Норман взмахнул кружевным манжетом, Люс ткнул коптящим факелом в пучок фитилей, и веселые огоньки, шипя и разбрасывая искорки, побежали по дубовым лафетам четырех пушек. От мощного согласного залпа из четырех стволов корабль вздрогнул всем корпусом, и лодки шечтлей закачались на волнах, стукаясь тростниковыми бортами.

— Поднимайтесь, не бойтесь! — восклицал Норман, размахивая руками. — Будем друзьями! Эрних, переводи!

Эрних перевел приглашение, и шечтли, проводив глазами последние клочья порохового дыма, стали один за другим подниматься на палубу. Последними по веревочной лестнице вскарабкались Бэрг и рысенок.
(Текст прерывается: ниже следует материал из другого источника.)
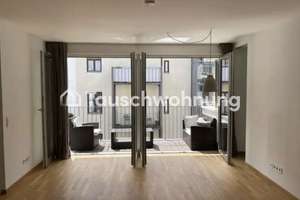 Tauschwohnung: Suche 2.5-3 Zi zentral gegen 2 Zi mit Balkon im Glockenbach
Зверь уже не отходил от человека и то и дело поворачивал к нему широкоскулую морду с клиньями золотых полос на черном фоне.

По приказу Нормана Люс прикатил из каюты гардаров тяжелый бочонок рома. Среди разложенных на ковре припасов появились грубые глиняные кружки, плошки, кто-то из гардаров осмелился налить и выпить зеленоватой жидкости, доставленной с берега, шечтлям плеснули рома, и они стали степенно смаковать напиток, отхлебывая его маленькими глотками.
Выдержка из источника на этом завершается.